Curator: Tia Xu
Exhibition Date: April 26th – May 31st, 2025
Opening Reception: 2–5 PM, April 26th, 2025
Address: The Scholart Selection, 417 South Mission Drive, San Gabriel, CA 91776
The Scholart Selection is pleased to present My Room Is Not My Room, a solo exhibition by Los Angeles–based artist Kim Marra, on view from April 26 to May 31, 2025. Curated by New York–based curator Tia Xu, the exhibition features over twenty recent oil paintings.
Kim Marra reconstructs familiar domestic spaces through her signature geometric compositions and saturated color fields. Drawing from daily items, such as curtains, pillows, plants, bed linens, she uses techniques of collage, displacement, and reassembly to strip these objects of their original context, generating a visual language that feels at once intimate and estranged.
Her work often raises a thought-provoking question: when a space becomes layered with personal memory, cultural background, and sensory experience, does it still belong to a single person? Or does it transform into a psychological container—one that is continually projected upon, reinterpreted, and reshaped by multiple identities? Rather than recreating specific lived environments, Kim constructs ambiguous, floating, and stage-like visual structures that challenge conventional notions of home and belonging.

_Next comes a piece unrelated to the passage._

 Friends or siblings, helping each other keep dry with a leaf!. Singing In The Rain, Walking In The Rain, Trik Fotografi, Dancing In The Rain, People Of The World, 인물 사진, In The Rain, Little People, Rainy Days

In Gold Velvet (2025), for instance, a vibrant ochre velvet curtain divides the canvas like a theatrical drape, partially obscuring a pair of retro-patterned pillows behind it. Lush plants peek in from both sides, as if quietly observing an interrupted stage set. The scene is tranquil yet suspenseful, placing the viewer on the edge of a recently vacated space—hovering between familiarity and intrusion. In Interior Design (2024), Kim further destabilizes the logic of space and symbols, turning once-familiar domestic elements into visual signifiers meant to be looked at rather than used. The work exudes a suspended sense of ritual, like a psychological play about the idea of the room itself—mirroring the exhibition’s exploration of spatial belonging and perceptual experience.
In Kim Marra’s practice, the "room" is no longer a symbol of emotional safety or belonging, but a fluid constellation of shifting spatial relationships. Familiar objects cease to be passive; instead, they seem to possess a will of their own, subtly altering the dynamic between viewer and image. This familiarity lies at the heart of the artist’s response to contemporary questions of identity, migration, and visual culture.
Kim Marra invites viewers to approach each fragmented detail with a mix of hesitation and curiosity—because within these seemingly trivial elements, traces of cultural background, psychological position, and sensory perception quietly emerge.